That Shepard handles the men's burgeoning concerns about life, the universe, and everything with grace and comedy is not surprising. Nor, ultimately, is the play itself, which tries to make a show of being unpredictable, but never sets its sights much higher than being a feel-good buddy flick for and about the over-60 crowd. But no matter: Both the play and Jimmy Fay's Abbey Theatre production of it, which just opened at the Atlantic Theater Company, are so finely wrought that even the familiar can shine as brightly as a full... well, you know.

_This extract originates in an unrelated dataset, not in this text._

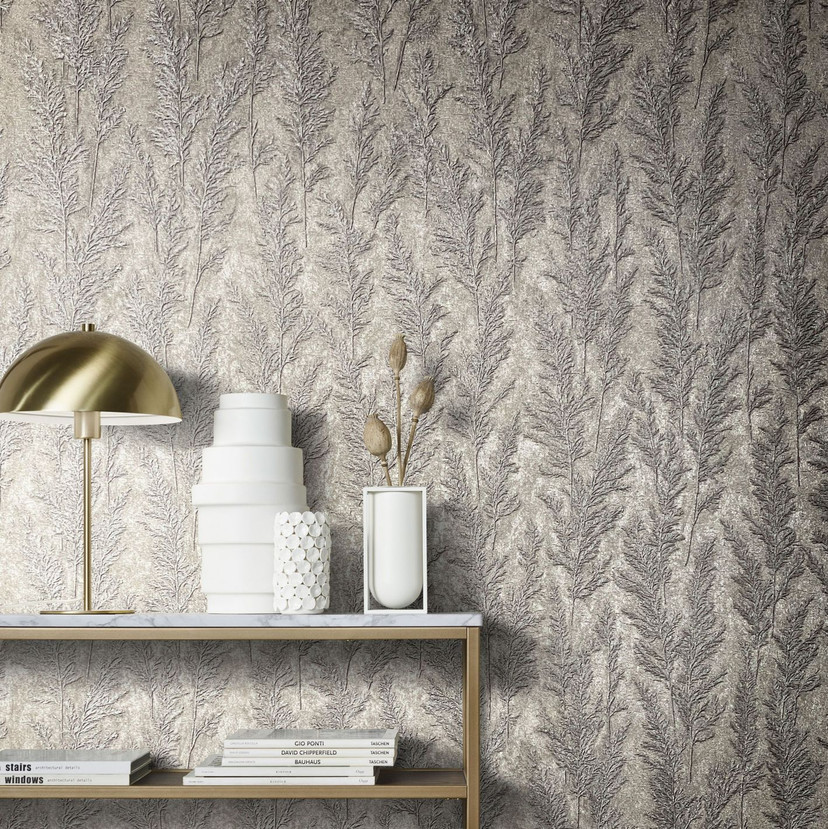 blomst og fleece Naturlig Opulence tapet i rød, brun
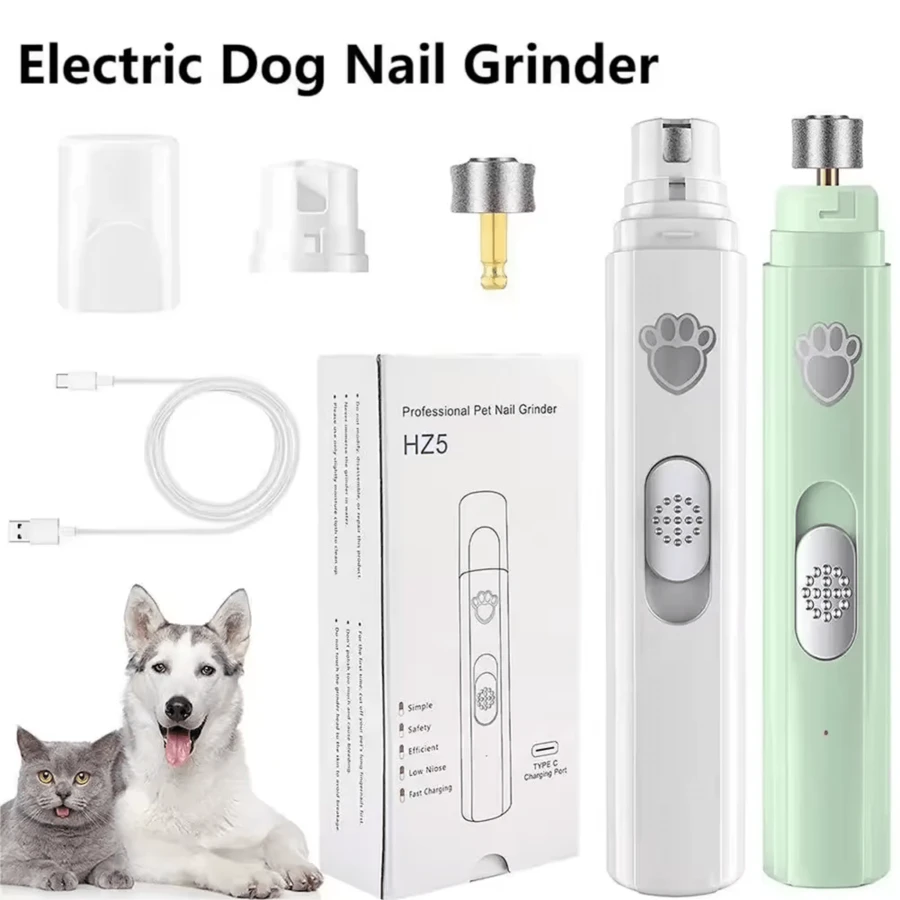 Herramienta de pulido y acicalado de uñas para mascotas con 2 velocidades y 3 métodos de pulido, cortaúñas eléctrico recargable por USB, pulidora de uñas eléctrica profesional para mascotas, máquina automática de manicura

Ames (Stephen Rea) and Byron (Seán McGinley), however, are dim about women: what they want, what they need, and (especially) how to live without them once they're gone. Byron's arrived at Ames's secluded country retreat following the breakup of Ames's marriage due to a passing infidelity; Byron's separated from his wife, too, for darker reasons. The men have been friends for decades, sharing the comings and goings of their various flings and flames, an addictive distate for the mysteries women thrust upon them, and a fondness for bourbon.
All these elements - plus a combative ceiling fan - play crucial roles in Shepard's sharp-eyed exploration of smart men behaving stupidly. Though the ostensible pilot light for the action is male-female romance, and that doesn't lack impact (especially in a moving late speech by Byron about the aftermath of his marriage), far more bracing is the men's relationship with each other. It swerves between caustic, violent, brotherly, and soul-mate searing, often within a single exchange as the two try to discover who they are and what brought them here.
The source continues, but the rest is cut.